Lá vinha a Tomázia de carava com a Pepa. Os sorrisos morriam nos rostos cansados! Puxaram pelo último codorno de pão que traziam no bolso do avental e levaram-no à boca antes de entrarem no comércio do Sr. Anacleto…

Tomázia e Pepa tinham treze para catorze anos, corpo delgado e frágil, mas gestos de Mulheres feitas, pelas agruras do trabalho que, de há muito, ajudava a angariar o pão para o lar.
Demoraram-se mais de meia hora. Quando saíram, haviam trocado as saias rodadas de cores alegres, por saias pretas direitas, presas à cintura com elástico e levemente escondidas pelo avental de corpo e folhos. As ancas agora, eram mais volumosas e menos moldadas e as passadas mais curtas e pesadas.
Evitaram atravessar a aldeia afastando-se do posto da Guarda fiscal.
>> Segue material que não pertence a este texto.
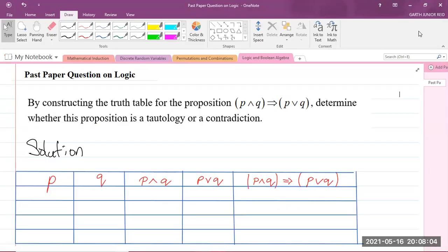Yo, Wagwan, your man Mr. Garth Reed here. We're going to do a CAPE Applied Mathematics Unit 2 question. This is a past paper question, and we're focusing on Module 1, which is Discrete Mathematics.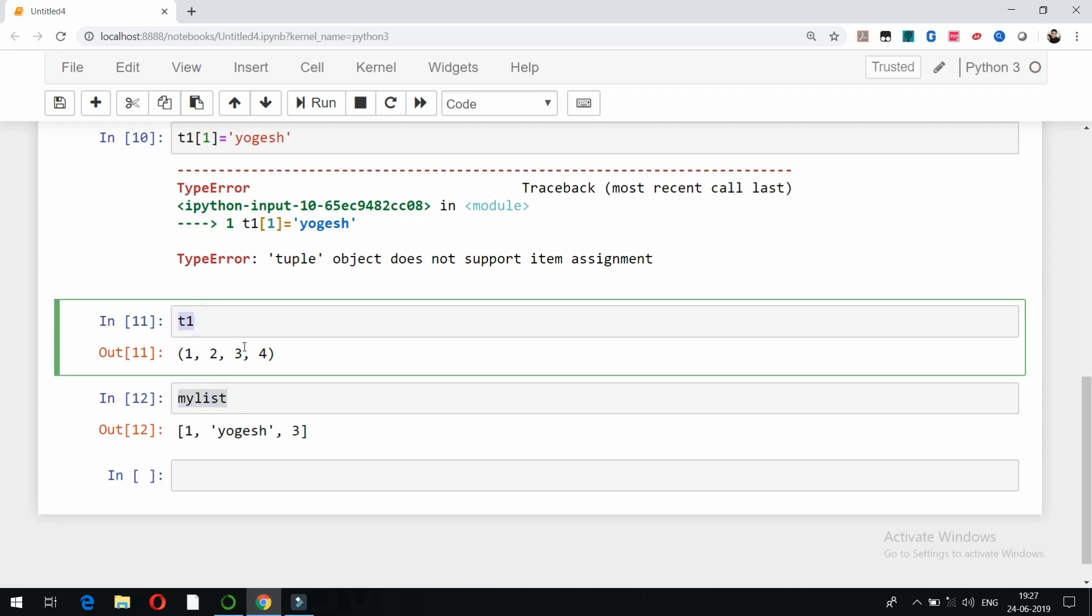Tuples are immutable whereas lists are mutable. That is the basic difference between these two. That's it for tuples. In the next video we will talk about sets and other remaining data types. Thank you very much.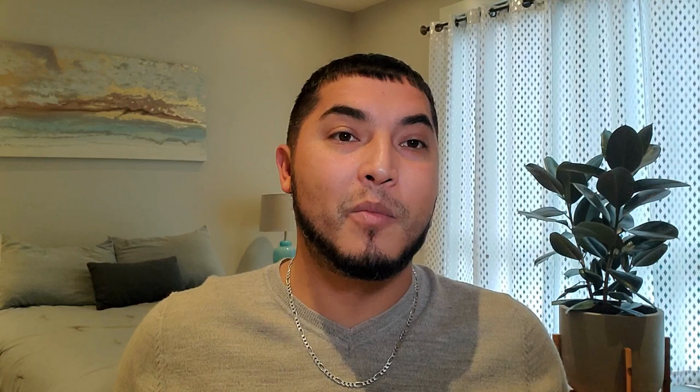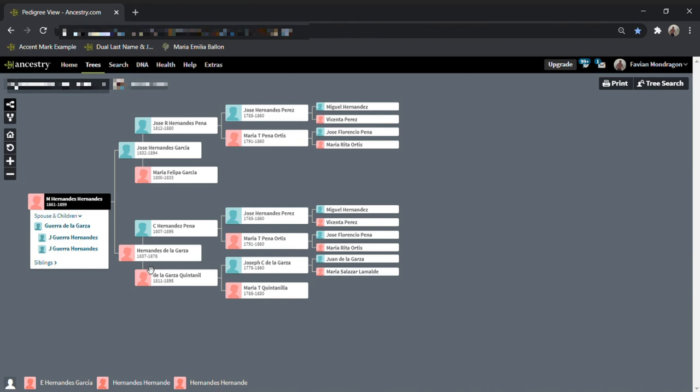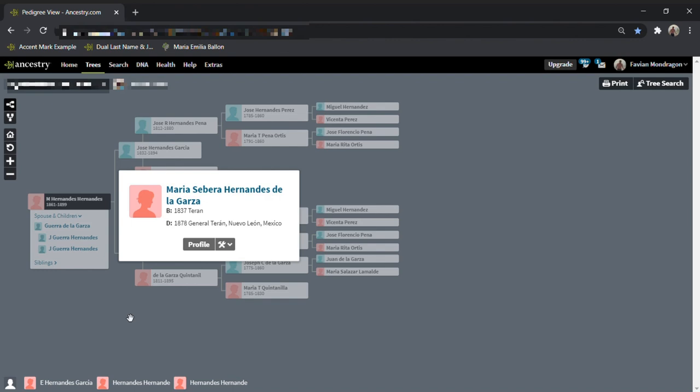Similarly, my third tip is to avoid the first names Jose and Maria. Mexican culture was strongly influenced by the Catholic Church — even till today — and the majority of female names start with Maria and the majority of male names start with Jose. Similarly to dual last names, I don't think they add any value, especially when everybody's going to be Jose if you're male and everybody's going to be Maria if you're female. If you go back to the tree with dual last names, you'll see almost every female's first name is Maria and almost every male has Jose.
Foram a caminho da Alagoinha. As peças de pano cru, apertadas ao corpo, com nastros, não lhes davam agilidade nem lhes permitia galgar a ribeira de água gelada e piso escorregadio.
Tomázia tiritava de frio e desequilibrou-se vezes seguidas até se estatelar no chão barrento e enlameado. As lágrimas corriam-lhe pela cara abaixo, pensando no prejuízo das peças já sujas e molhadas. A Pepa bem tentava animá-la mas, também ela, estava assustada e angustiada.
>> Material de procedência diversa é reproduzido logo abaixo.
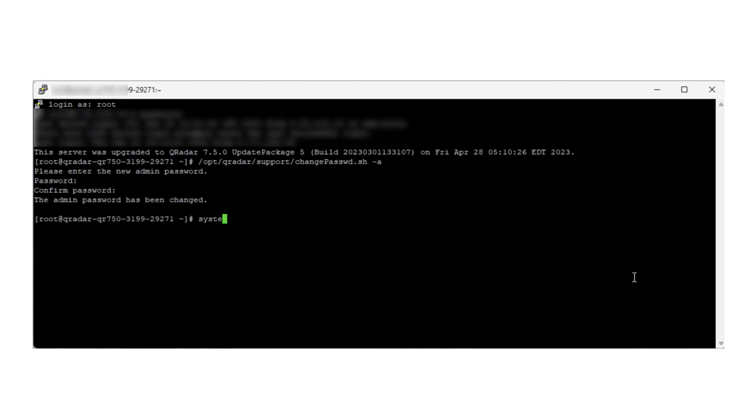Next, you must restart the Tomcat service for the changes to be applied. From the command prompt, type the following command: systemctl restart Tomcat. Once you enter it, the service will restart.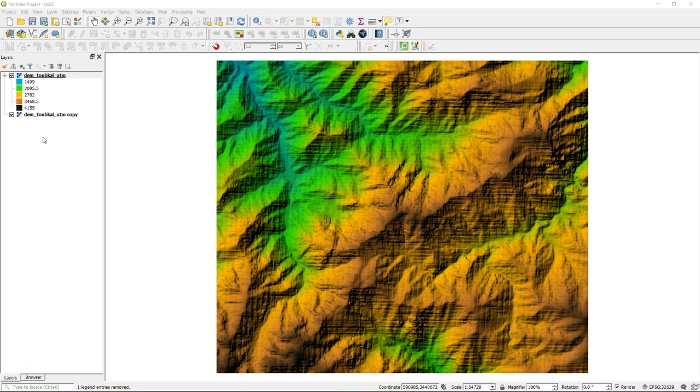I have prepared the DEM, it's an SRTM 1 arc second that has been clipped to the area around the Toubkal National Reserve in the Atlas Mountains in Morocco. I have reprojected the DEM to UTM zone 29 and I did some styling here on the raster.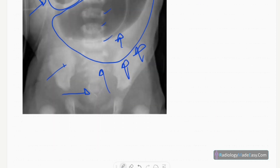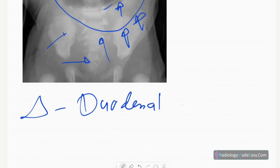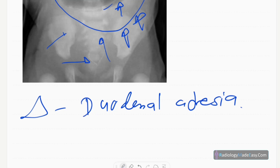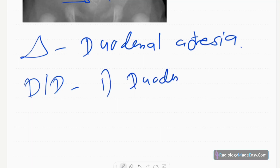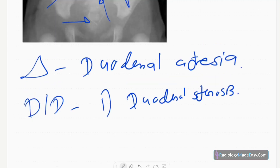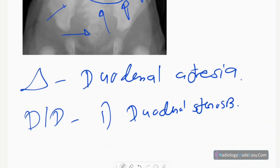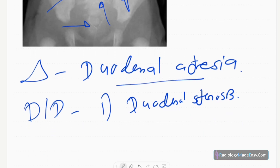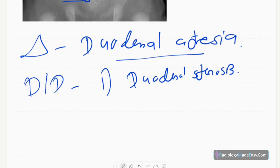The diagnosis in this case is duodenal atresia. This means the lumen is not canalized, so there is obstruction to the lumen. Differential diagnoses include duodenal stenosis — you can't exclude those by X-ray alone.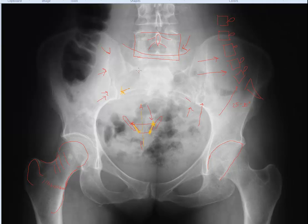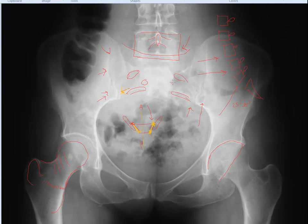Here are some sacral foramina — notice that these are almond-shaped. These represent anterior sacral foramina. Here's one example of a posterior sacral foramen, which is more circular and pea-shaped. This whole region is considered the pelvic inlet, and you should have a nice smooth curvilinear margin to this region.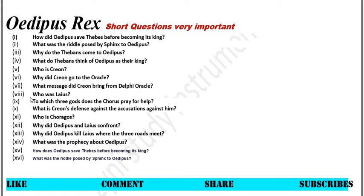Number 8: Who was Laius? Number 9: To which three gods does the Chorus pray for help? Number 10: What is Creon's defense against the accusations against him?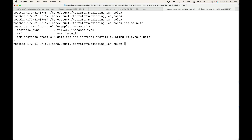In your resource block you simply pass this argument and the value. If it's a new IAM role you'll be passing the resource type and the other information, but this is the argument we use to attach an IAM role to an EC2 instance. Here we have used an existing role. In the next session I will show you how to create new roles using Terraform and then attach that to the EC2 instance.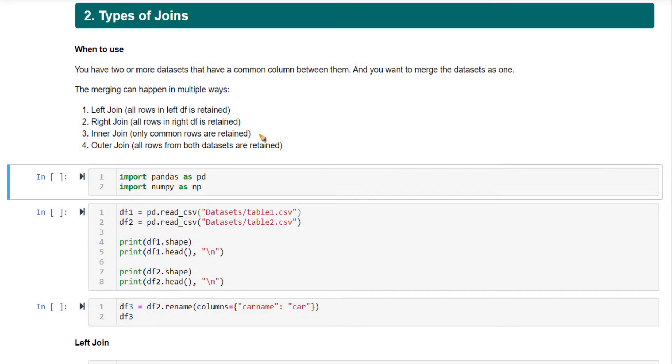Let's look at the different types of joins you can do with df.merge. The four different types of joins are left join, right join, inner join, and outer join.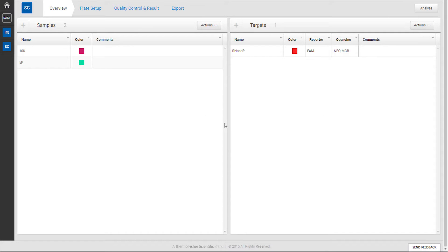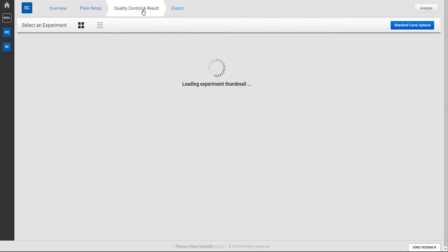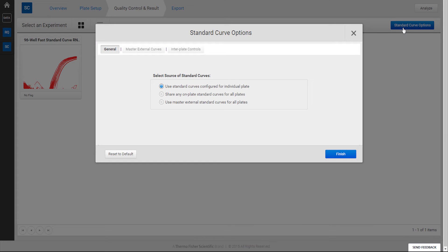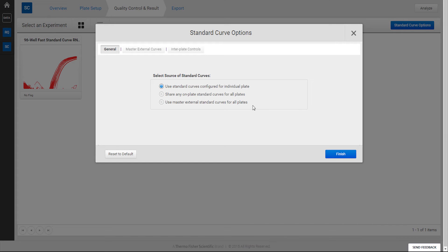To access the new options, open a Standard Curve project and click on Standard Curve Options under the Quality Control and Result tab. Under the General sub-tab, there are three options.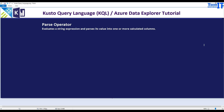In this video we are going to learn about the parse operator. The parse operator evaluates a string expression and parses its value into one or more calculated columns. This is a very powerful operator that can help us break data into multiple columns. Let's go ahead and take a look.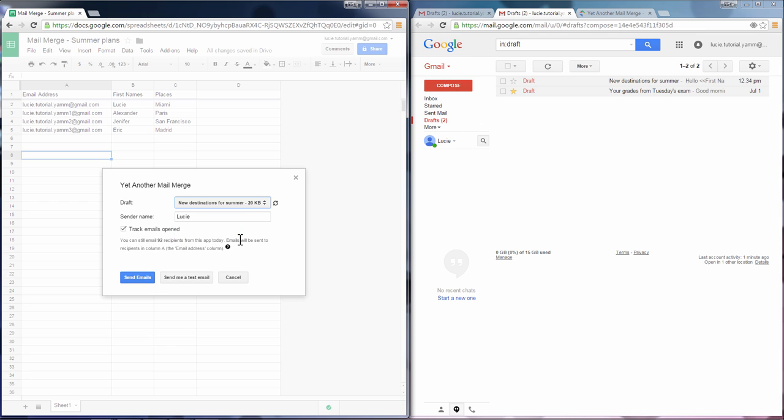You can check or uncheck the option to track emails opened, and send yourself a test mail just to see if everything is okay.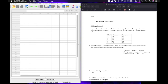Welcome to laboratory assignment number five. We are going to be working on Pearson R's and Spearman R's in the lab today. The first three are Pearson R's and the last three are Spearman R's. I'll be showing you the first Pearson R and then the first Spearman R, and you'll do the other two for each test on your own.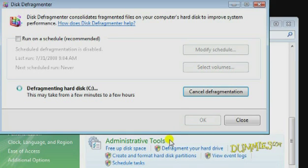A message appears that Windows is defragmenting your drive and that it may take up to a few hours to complete. When the defragmenting process is complete, the Disk Defragmenter window shows that your drive no longer requires defragmenting.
Minha tia Maria «do Enxido» vinha do soito de cesta de castanhas à cabeça, quando as avistou neste desconsolo. Falou-lhes com carinho e ajudou-as a vir até à sua casa. Atiçou o lume, deu-lhes a comer um caldo de batatas bem quentinho e pôs-lhes a roupa a secar. Pediu-lhes que deixassem as peças sujas e que viessem buscá-las uns dias depois que ela iria pô-las como novas. Não tinha dinheiro para as ajudar a comprar outras mas, iria tratar de não as deixar mal vistas. Sempre era melhor que serem apanhadas pelos guardas ou pelos carabineiros!
Mal elas abalaram, mergulhou as peças de pano na barrela com cinza de vide e tratou delas como fazia ao linho que, tão bem, sabia cuidar.
Já perto de Navasfrias estavam os carabineiros prontos para lhe apanharem o carrego! Só então perceberam que tinha sido uma sorte terem vindo sem ele.
A Tomázia apanhara um resfriado e ficara acamada com maleitas durante duas semanas. E foi minha tia com a minha avó, que acarretaram, numa ceira, as duas peças de pano, até à aldeia vizinha! E eu acompanhei-as a saltitar como se fosse para uma festa!…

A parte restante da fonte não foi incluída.